Del resto, è lo stesso diritto al viaggio ad essere poco democratico. Se la sottoscritta – come molti altri – il Bhutan se lo sogna, e si sogna pure i fiordi della Norvegia o il coast to coast negli Stati Uniti, può però permettersi di andare in giro per mezza India cenando al ristorante coi soldi di un caffè, cosa che nessun cittadino medio indiano (e neanche la sottoscritta, a dire la verità) potrebbe permettersi in Italia.
Sul diritto al viaggio e sulla sua (mancata) reciprocità fa riflettere Ghostland, ironico ritratto dall’interno di una piccola comunità di Boscimani della Namibia settentrionale. Gli Ju/’Hoansi (dove la grafia /’ sta per un impossibile schiocco di lingua e di palato) vivono alle prese con l’incombere di una modernità che non hanno scelto e con un assurdo divieto di caccia che li ha resi dipendenti dal denaro. Fra le loro fonti di sussistenza, i turisti occidentali occupano un posto di rilievo. Così, quotidianamente, gli Ju/’Hoansi si mettono in scena con le proprie abitudini e tradizioni, non senza chiedersi quali siano quelle dei loro visitatori e come sia il mondo da cui provengono. Finché un giorno l’antropologo tedesco che vive con loro decide di portare con sé, in Europa, quattro membri della tribù come insegnanti in un workshop universitario. Gli Ju/’Hoansi, da “visitati”, diventano così “visitatori”, da attrazione turistica si trasformano in turisti nella “terra de fantasmi” (i bianchi, per l’appunto).

ghostland viaggio

La dinamica, è vero, è quella non nuova del rovesciamento dello sguardo, de “gli altri siamo noi”. Ma il film di Stadler, accostato a quello di Pegi Vail, sottolinea una volta di più come il viaggiare, più che un diritto ormai dato per scontato, sia un privilegio da cui derivano grandi responsabilità. L’incontro con l’altro è, in sé, una grande responsabilità.
“Si viaggia prima per perdersi, poi per trovare se stessi”, osserva Pico Iyer, autore di bestseller sulla cultura del viaggio. Ed è vero, la costruzione del sé avviene attraverso l’incontro con l’altro: più lontana è l’alterità, maggiore sarà la comprensione della propria specificità. Ma la ricerca ha quasi sempre un punto di vista egoistico, una direzione univoca: sono io, turista/viaggiatrice come i tanti descritti in Gringo Trails, che scopro, incontro, faccio esperienza di un luogo, mi immergo nei suoi colori, nelle sue tradizioni, nella sua cultura, sono io che “entro in contatto” con la sua gente. Eppure io stessa, con i miei colori, le mie curiosità, il mio chiasso occidentale, sono un viaggio per coloro che visito, o almeno l’embrione di un viaggio, l’inizio di un desiderio.

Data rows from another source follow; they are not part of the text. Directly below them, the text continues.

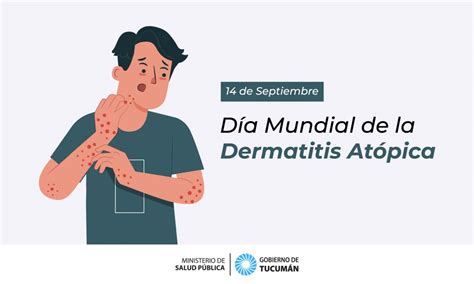 D A Mundial De La Dermatitis At Pica Ministerio De Salud P Blica De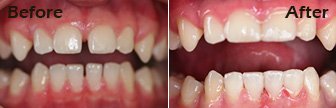 Cosmetic Bonding, Bloomington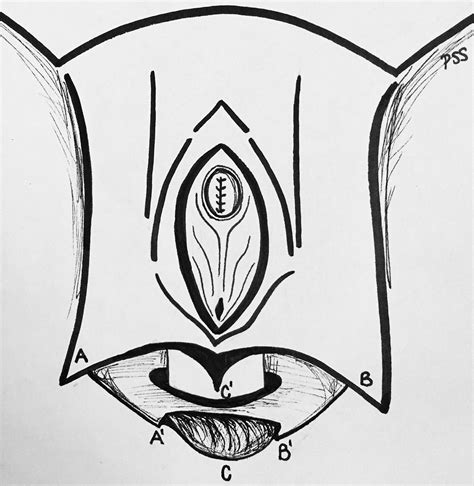 Penile Inversion Vaginoplasty Technique - Urologic Clinics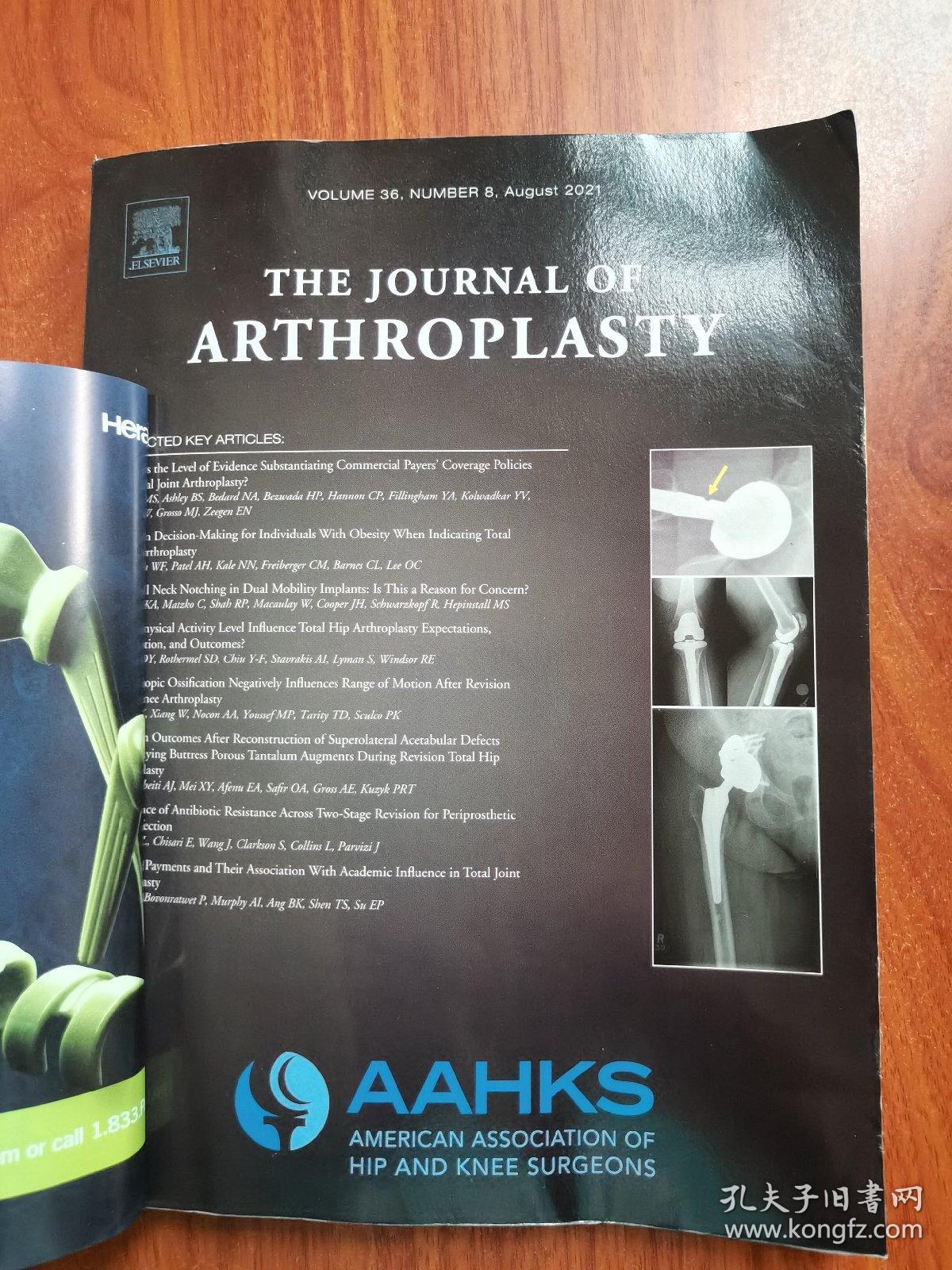 the journal of arthroplasty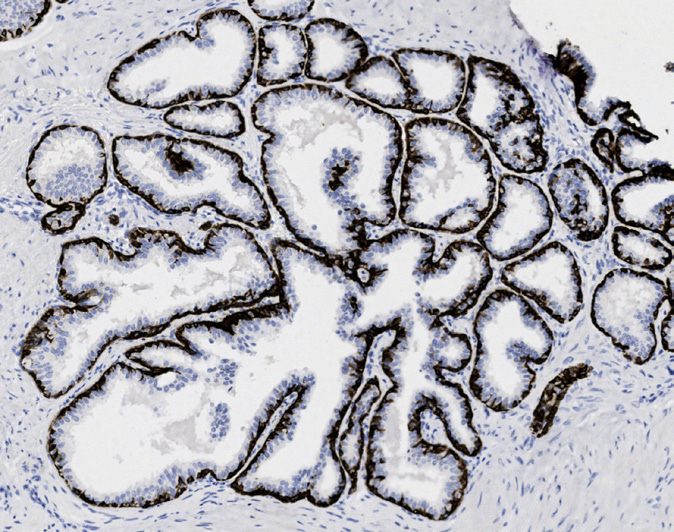 Tissue-Tek Genie<sup>®</sup><br /> anti-Cytokeratin 5/6 Tissue-Tek Genie<sup>®</sup><br /> anti-Cytokeratin 5/6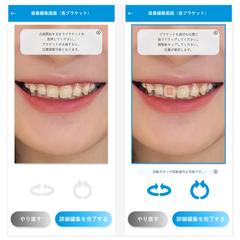 Braces simulator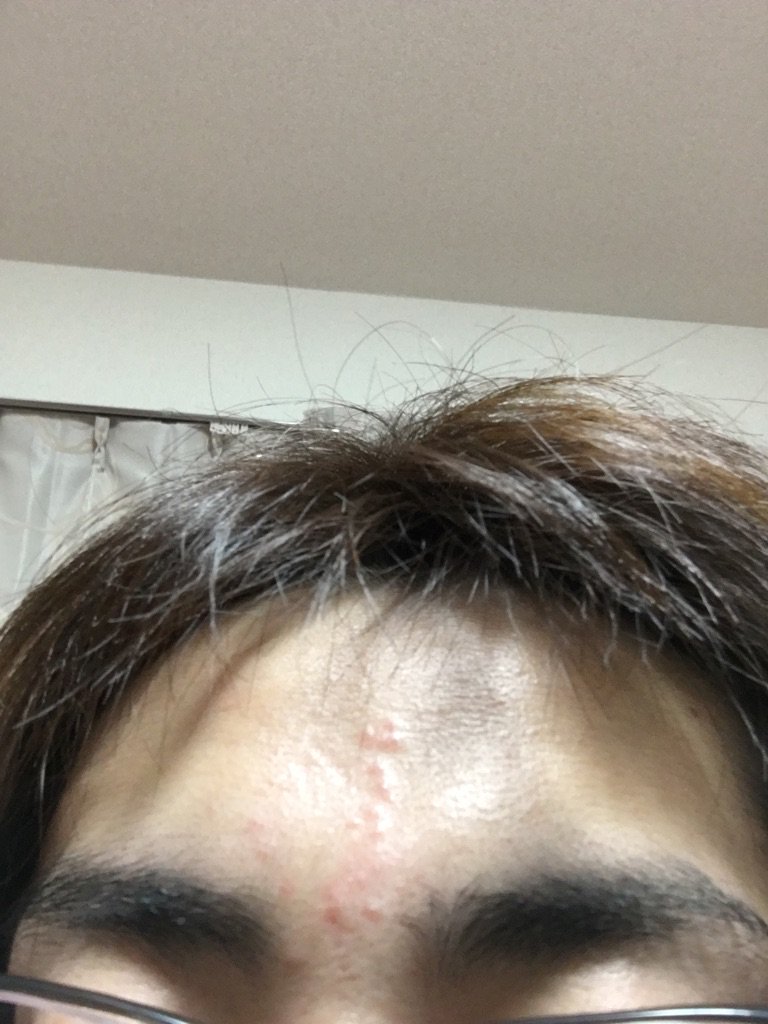 桂三四郎 Sur Twitter でこにできもんでけた かゆいのでウナコーワ塗ってます 足ツボの好転反応ではないと思うけど 桂三四郎 Sur Twitter でこにできもんでけた かゆいのでウナコーワ塗ってます 足ツボの好転反応ではないと思うけど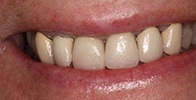 actual patient #15 yellowed smile before dental treatment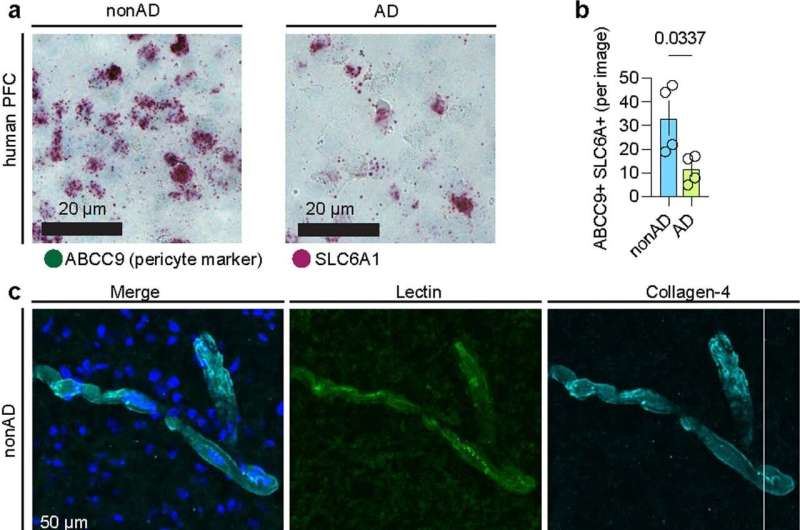 Single-cell dissection of Alzheimer's vascular changes across six brain regions 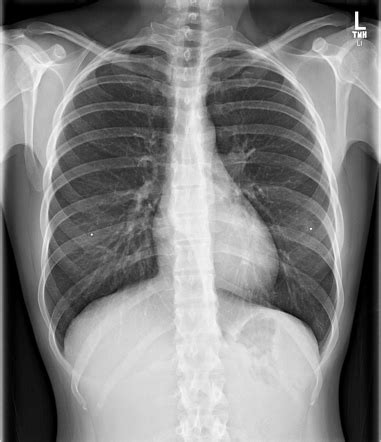 Esophageal duplication cyst | Radiology Case | Radiopaedia.org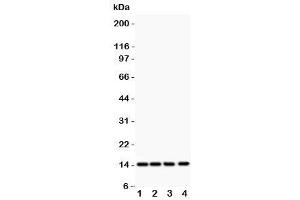Western blot testing of PDGF-B antibody and Lane 1:  rat heart (PDGFB 抗体  (AA 82-190))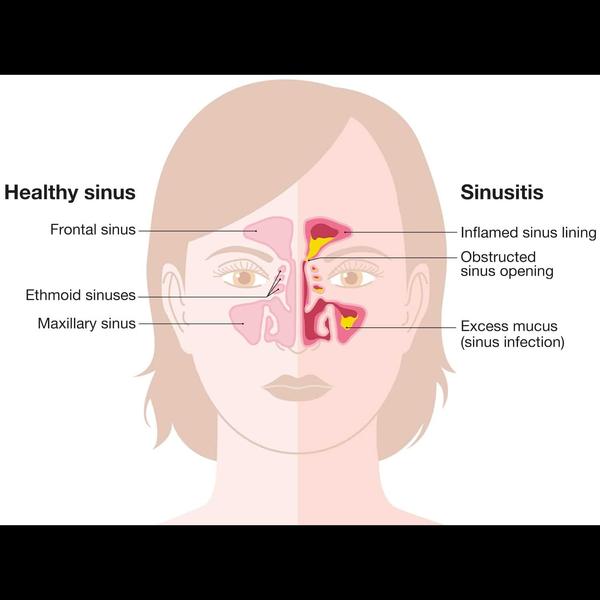dehradun nasal obstruction tre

Il bello di Ghostland è che dà ai Boscimani la possibilità di sviluppare quell’embrione, di dar seguito a quel desiderio solo intravisto. Romanticamente, si tende a considerare le comunità tribali come delicati ecosistemi da proteggere dalle influenze della modernità: vestigia viventi di un passato incorrotto, musei umani di un’età dell’innocenza perduta. Sarebbe forse bene ricordarsi che si tratta semplicemente di individui che vivono, come tutti, in un mondo globalizzato. Come nel caso dei Boscimani della Namibia, la modernità li circonda, li incalza e li coglie impreparati: il fatto che non la conoscano non è questione di scelta, ma di mancanza di scelta. Senza paternalismi, il progetto Ghostland gli regala allora il diritto di farsi contaminare.